Ради Бога… опять ты туда, в эту правду, наверно ответит,

Мне уставший, в своих «не беда», потому, как ему и не светит…


Не горит за окошкам звезда, не сжимается миг, не волнует,

Тот же сайт и вокруг провода, тем же смайлом, кого-то «целует»…


И как-будто бы есть, и живое, и репосты… твою же нас (цензура),

Здравомыслие… сволочь такое… эх «такая», хотел написать…

Прорвался

Прорвался… эка ли кручина, всего-то дел — узнать тебя…

Сгорел мечтающий мужчина, во малых искрах от огня.

И не согреться, не уйти в надежде все-таки дождаться,

Подачки из её руки — как это будет называться?

Утрата, призрачная боль, когда-то искренней души?

Вопросов множество — юдоль… приобретение банши,

Ещё не сделало счастливым и не дарило счастье глаз,

Пусть он, и выглядит красивым… не раз, не раз, не раз,

Его кормить душой придется, включая бесполезный суд,

И ждать, и ждать… всё обернется, каким-то образом причуд.

Увы и ах, всё это было, когда-то, где-то в складе лет,

Не обернулось?
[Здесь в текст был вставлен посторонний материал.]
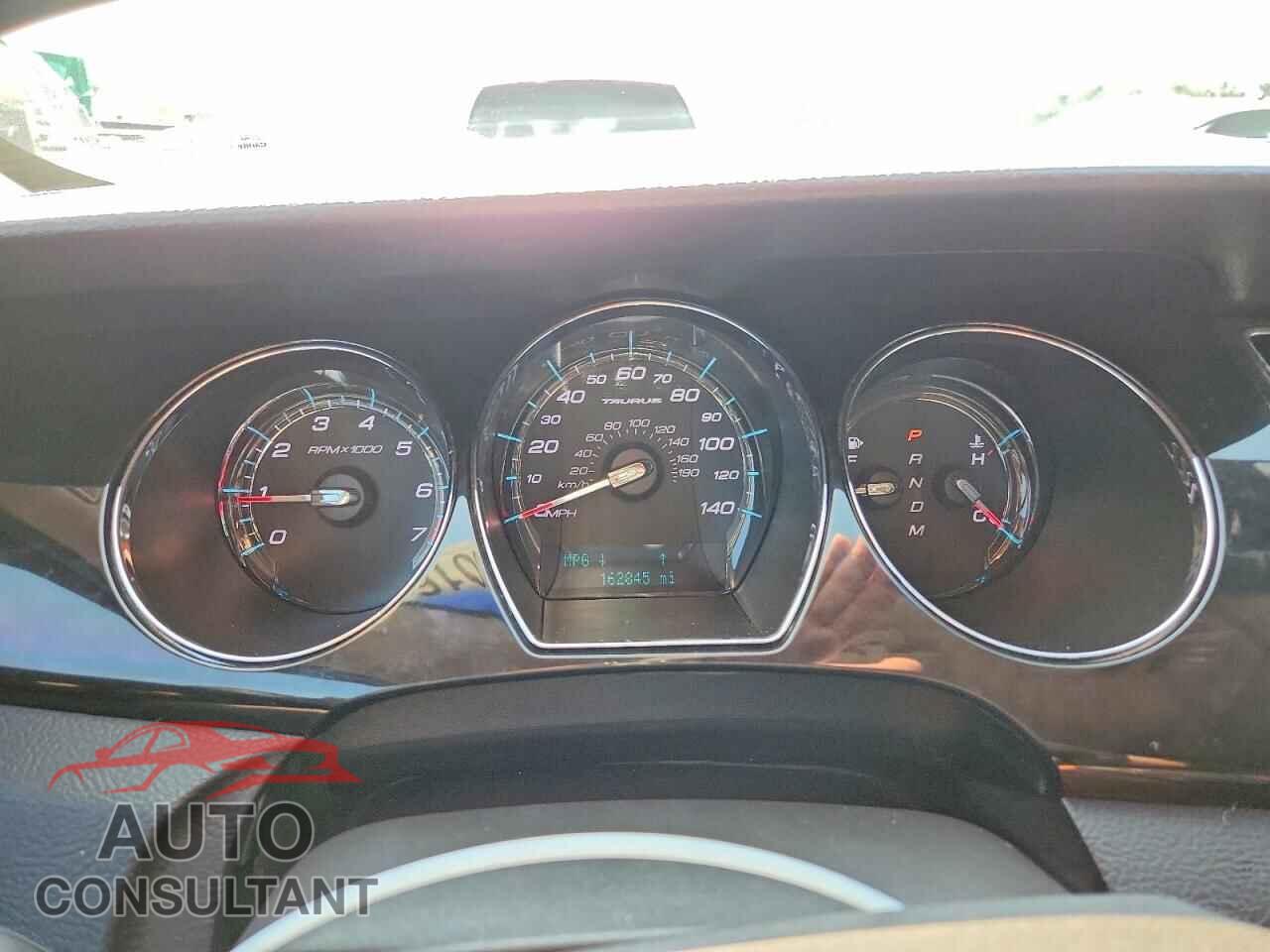 FORD TAURUS 2011 - 1FAHP2FW7BG149026
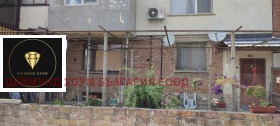 Продава  Етаж от къща, с. Крумово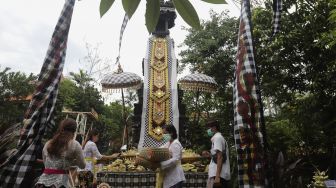 Umat Hindu melaksanakan persembahyangan Hari Raya Galungan di Pura Aditya Jaya, Rawamangun, Pulogadung, Jakarta, Rabu (10/11/2021). [Suara.com/Angga Budhiyanto]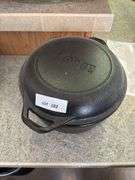 Lodge cast iron dutch oven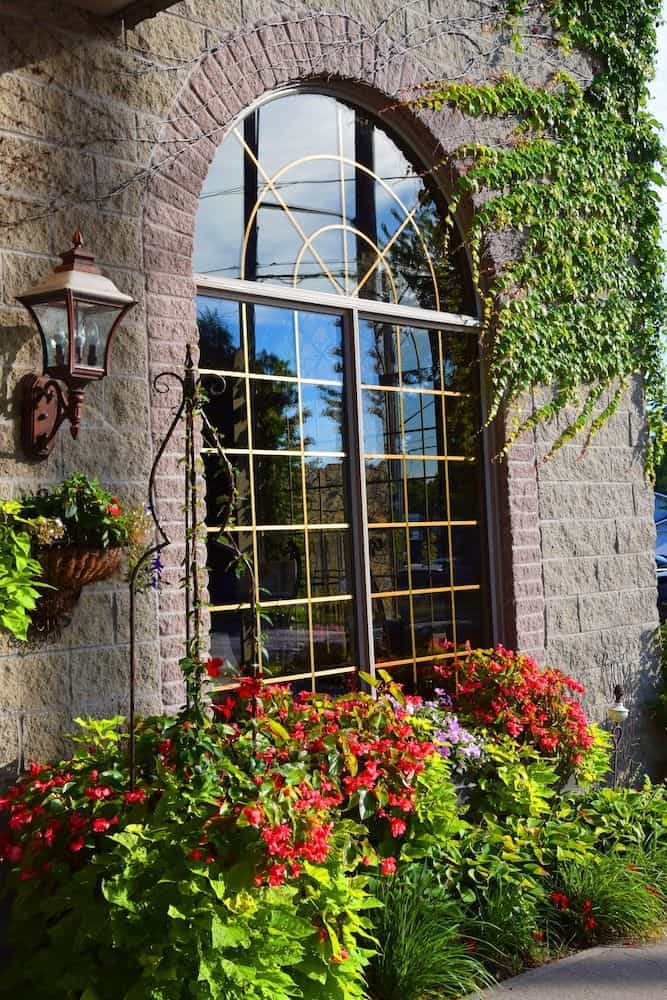 STONE GATE INN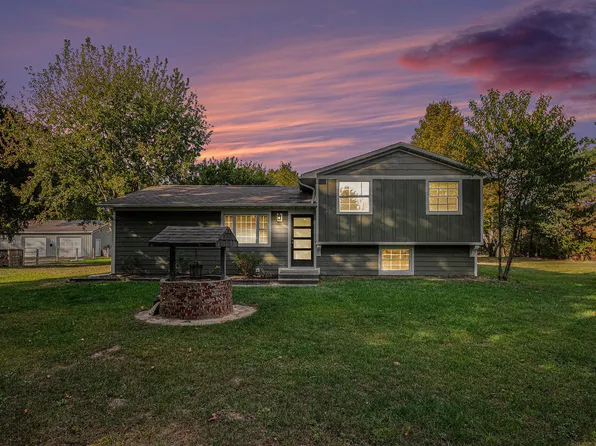 2985 Pine Lake St, Niles, MI 49120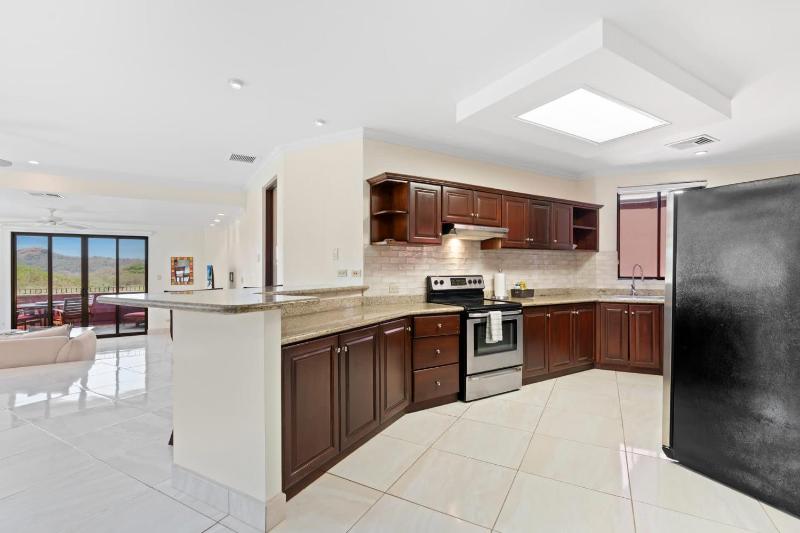 Recently Renovated Luxury Condo with Resort-Style Beach Club Access and Ocean Views - image 10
Мило, мило… из темноты звучал ответ.

Прогнал, зарекся, все сначала, опять, опять, туда, туда,

С кем сердце радостно стучало, забыв про опыт и года.

А он мне счастье предъявляя, куски таскает из души,

На память части оставляя, мой жадный, радостный банши…

Мой демон ревности и страсти, порок и взятка от любви,

Уже нет сил в тебе и власти, уже не плаваешь в крови,

Дабы кипеть ее заставить, от каждодневности причуд,

Сегодня я решил оставить тебя другим… чей грешный суд,

Ещё силен, душа не в ранах от искр вечного огня,

Прорвутся… если будет в планах, всего-то дел — узнать тебя…

Возвращение…

Я спускаюсь к себе по забытым тропинкам,

Спотыкаясь, уставший от прожитой лжи.

И огней, пожелтевшая в прошлом, картинка,

Намекает на данность сердечной маржи…


Намекает на данность беспечных чудес,

Никому недоступных и всеми желанных,

Предлагающих вместо идиллии вес,

На душе, на улыбках ее первозданных.


На душе, на улыбках, на битых сердцах,

На осколках не младше души бесконечной,

Призывая понять, осознать в головах,

Чудеса это там… в остановке конечной…


Чудеса это там… а не прямо сейчас,

Не мечтайте о них, забывая хранить,

Эту данность того, что всегда и для нас,

Кто-то жизнь отдаёт, начиная любить.


Кто-то жизнь, кто то свет, закрывая себе,

Направляя на путь, на тревогу, печаль,

Принимая их вес, что пока в голове,

Не нашёл понимания счастья, а жаль…


Не нашёл, не искал, сколько нам ещё Не…

Осознать и оплакать придется в итоге,

Я иду по тропинке забытой к себе…

По когда-то заброшенной, долгой дороге…

Ни тебя…

Ни тебя… ни меня… ни любви, обреченной на память остаться,

Потому, что мы завтра пойми, забываем опять признаваться…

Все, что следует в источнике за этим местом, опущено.